Nutritional testing of circulating levels of fat-soluble vitamins (FSV) provides a good indication of their status throughout the body. All FSV have vital independent physiological functions, but there are also very important interactive functions among the FSV that should be considered. Beta-carotene, an anti-oxidant and excellent indicator of fruit and vegetable consumption, is the primary plant source (precursor) of vitamin A (retinol). Beta-carotene has other functions and its conversion to vitamin A varies significantly among individuals. Low thyroid function may slow the conversion of beta-carotene to vitamin A, and a significant percentage of the female population has diminished capacity to convert beta-carotene to vitamin A. The levels of beta-carotene and vitamin A are regulated independently, emphasizing the importance for assessing the status of both vitamin A “vitamers” through nutritional testing.
Vitamin E and CoQ10 are the primary anti-oxidants among the FSV and they protect against oxidation of polyunsaturated fatty acids in cell membranes and circulating lipoproteins; oxidized LDL is an independent risk factor for cardiovascular disease. Among the E vitamers, α- and ᵧ-tocopherol have complementary roles as anti-oxidants with ᵧ-tocopherol having a greater role in protection against reactive nitrogen species. Overconsumption/supplementation with α-tocopherol lowers ᵧ-tocopherol status, emphasizing the need to assess the levels of both primary forms of tocopherol. One also needs to pay attention to very high levels of vitamin E as they may prolong clotting time.

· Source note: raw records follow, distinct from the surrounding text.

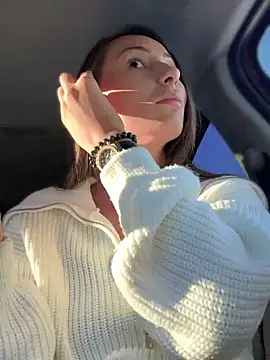 Snapshot of YOUR-KARINA chatting on December 2024 03:33:02 AM YOUR-KARINA online show from December 2024 03:33:02 AM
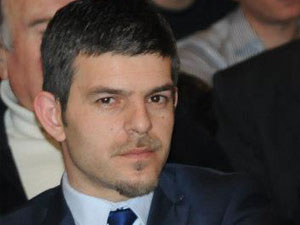 Eşi doğum yapmak üzere ama kendi...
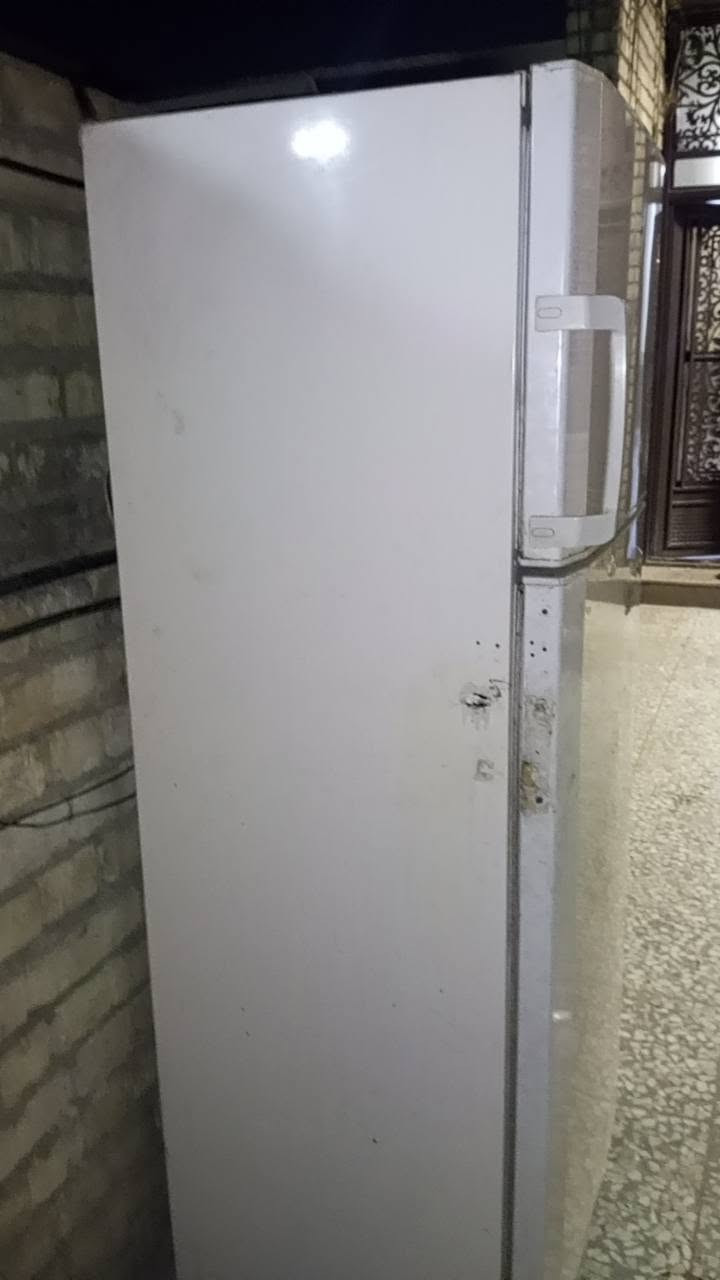 السلام عليكم ثلاجه للبيع طفت فجئ ما اعرف شنو بيها اريدها 60 الف مكانها بغداد البلديات ***********
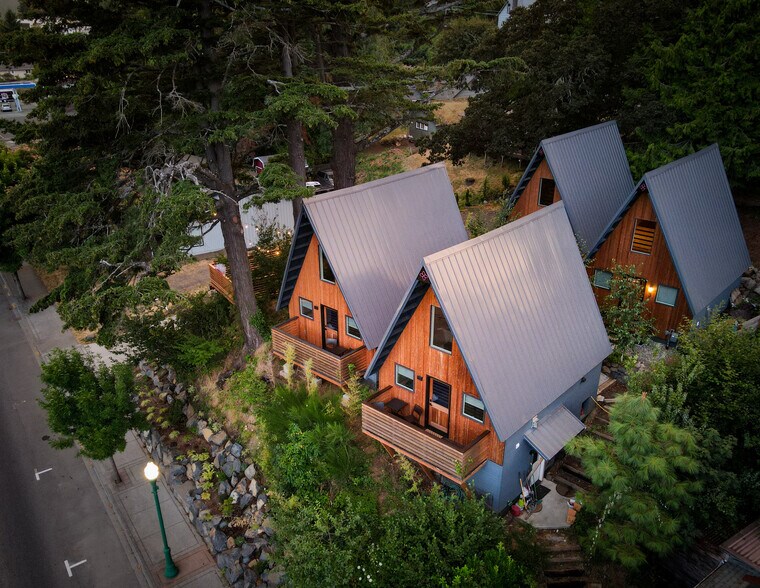 More Photos Of 37 NW Second St, Stevenson Hospitality For Sale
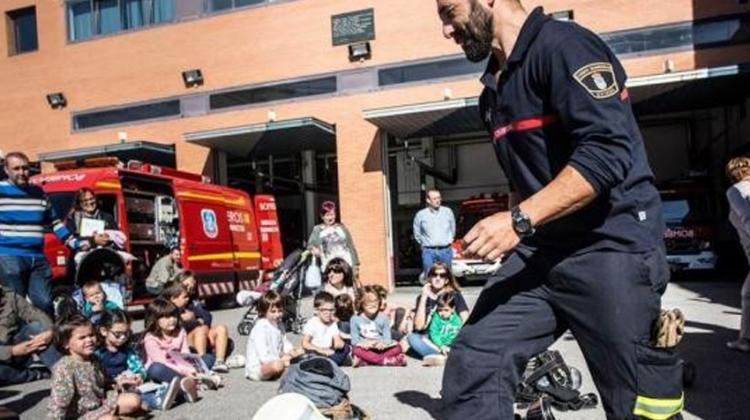 Bomberos boicotean congreso para denunciar las carencias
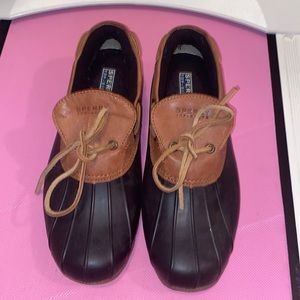 Women’s sperry’s size 9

That is especially important with poor vitamin K status (elevated undercarboxylated osteocalcin) that may impair with the normal coagulation cascade.
Due to the heightened awareness of the vital regulatory roles of vitamin D, coupled with a high prevalence of vitamin D insufficiency in North America, there has been a significant increase of vitamin D supplementation. Indeed low vitamin D levels have been associated with increased risk of hip fractures, depression, and cardiovascular disease. However, addressing vitamin D status without attention to that of vitamins K and A may be consequential in the long run regarding bone health and undesirable calcium deposition. Vitamin K-dependent calcification of specific proteins, such as osteocalcin, is very important for several physiological functions including and bone and vascular health. A high serum level of undercarboxylated osteocalcin indicates a functional deficiency of vitamin K in the body, and should be addressed along with clinical intervention to optimize vitamin D levels.